2. Dindar değilim. Zaten Buda'yı okumak için mütedeyyin olmak da gerekmez. Peki Buda'yı neden seviyorum? Çünkü "şefkat" burada tanımlayıcı kelimedir. Başka bir varlıkla birlikte “hissetmek” anlamına gelir. Buna ötekiyle hemhal olmak da denebilir.  Zaten Buda'nın kendisi felsefesinin dini bir doktrin haline getirilmesinden rahatsızdı. Belki de aynı şey erken dönem Hıristiyanlar için de geçerli. Gelgelelim, pandemi insanları birbirinden kopardı. Korku ve şüphe iklimi yüzünden hemhal olmaktan çok her koyun kendi bacağından asılır havasındayız. Şu ana kadarki manzara böyle. 

3. Öte yandan, en sevdiğim İngiliz William Blake'e gelecek olursak: Bu asi adamı en iyi tanımlayan kelime bence hayal gücüdür. Yani imgelem. Ayrıca şefkatli bir insandı. Şu sıralar hem düş gücü hem de sevgi bakımından fakiriz. Daha farklı bir geleceği hayal etmek yerine hâlâ inatla geçmişte yaşamak istiyoruz. Farklı düşünmek ve hayal etmek cesaret isteyen bir iş. Ama biz alışkanlıklarımıza bir süreliğine bile olsa veda etmekte çok zorlanıyoruz. Her şey eskisi gibi olsun istiyoruz. Yani muhayyilemizde varolan eski normal gibi. Tahayyül ettiğimiz eski alışkanlıklarımız ağır basıyor. İstesek de olanları eski haline getiremeyiz. Geçmişi geri döndüremeyiz. Bu yüzden nostalji tuzağına dikkat etmek gerek. Nostalji böyle zamanlarda tepkisel bir ilişki halini alıyor. “Gerici” bir ilişki yani. Öyle ki anılarda kalan her şey, talihsizlikler bile bize hoş gelmeye başlıyor. Bu anlamda, Dante'nin parlak bir gözlemi var: "Mutlu günleri anmak acılı günlerde, inan ki acıların en büyüğü". 

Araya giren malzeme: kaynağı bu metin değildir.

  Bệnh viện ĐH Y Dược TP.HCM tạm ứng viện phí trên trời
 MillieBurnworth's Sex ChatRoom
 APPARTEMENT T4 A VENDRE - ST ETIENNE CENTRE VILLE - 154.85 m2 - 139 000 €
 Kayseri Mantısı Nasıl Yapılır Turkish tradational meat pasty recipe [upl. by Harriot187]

4. Ve gelelim büyük şair Hâfız-ı Şirâzî'ye. Neden Hâfız? Çünkü Hâfız denince ilk aklıma gelen vecd hali ya da "sarhoş" olmaktır. Hani şair Baudelaire'nin başka bir zaman-mekanda dediği gibi: sarhoş olun. Yeter ki olun. "Sarhoş" olmak, pandemi histerimizi frenleyebilir. En azından bu korku ile aramıza mesafe koyabilir. Bu da az şey değil. Buna sevebilmeyi de ekleyebiliriz. "Başlangıçta kolay görünüyordu aşk" der , Hâfız. "Fakat güçlükler çıktı". Görünüşe göre bugün bile bu güçlüklerin sonu hiç gelmedi. Güçlükler nedense daha pratik. Oysa yâr beni ansın bir koz ile, o da çürük çıksın diyen yok. 

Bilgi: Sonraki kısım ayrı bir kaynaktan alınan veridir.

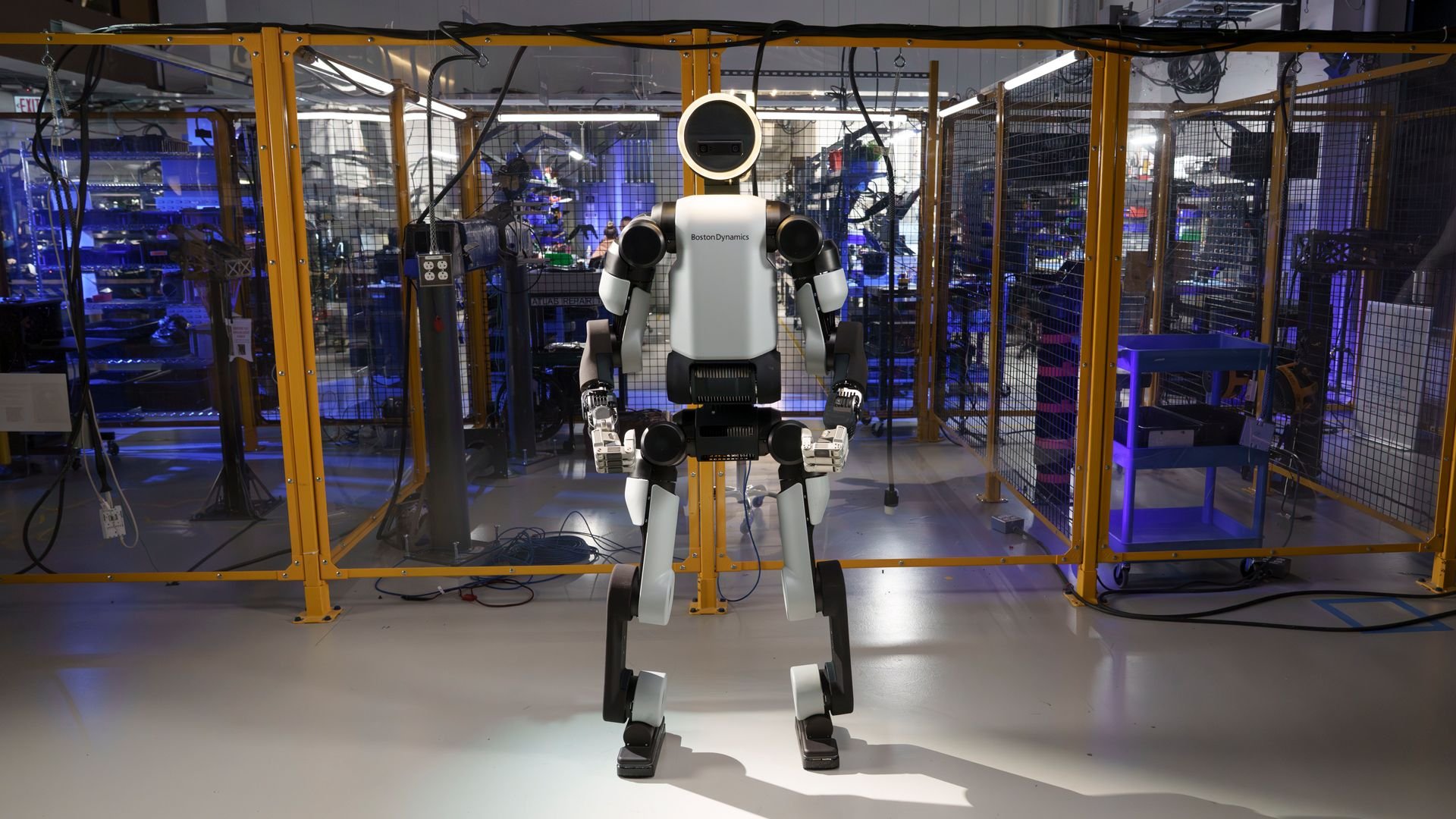 Boston Dynamics показала Atlas робот принёс холодильник вместо банки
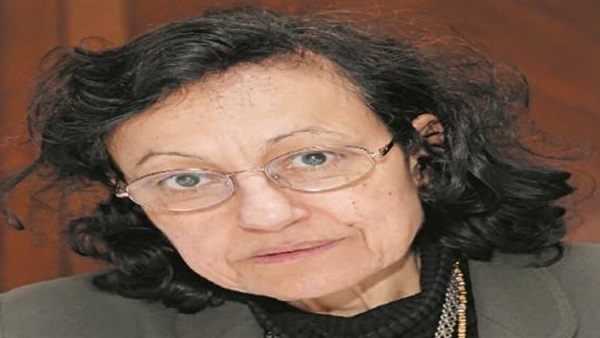 الكاتبة الصحفية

5. Ve son olarak büyük deha Anton Çehov.  Pandemi günleri bana Çehov'u anımsattı. Özellikle Kıdemli Bahçıvan'ın Anlattıkları hikayesi. Favori Çehov öyküm. Peki neden Çehov? Pandemi süreci boyunca herkes birbirini suçluyor. Ve bu durum maalesef katlanılmaz bir hal aldı. Ancak kimse kimseyi suçlayacak veya hesap soracak durumda değil. Bunu anlamakta zorlanıyoruz. Kıdemli Bahçıvan'ın Anlattıkları bugüne dek bu hususta yazılmış en etkileyici hikaye bence. İşin garibi, bu hikaye, Çehov'un bildik realizmiyle taban tabana zıt. Daha çok Tolstoy'u andırıyor. Ama bilenler bilir: Çehov çok yönlü bir dahiydi. Keşke en azından birkaç sene daha yaşasaydı.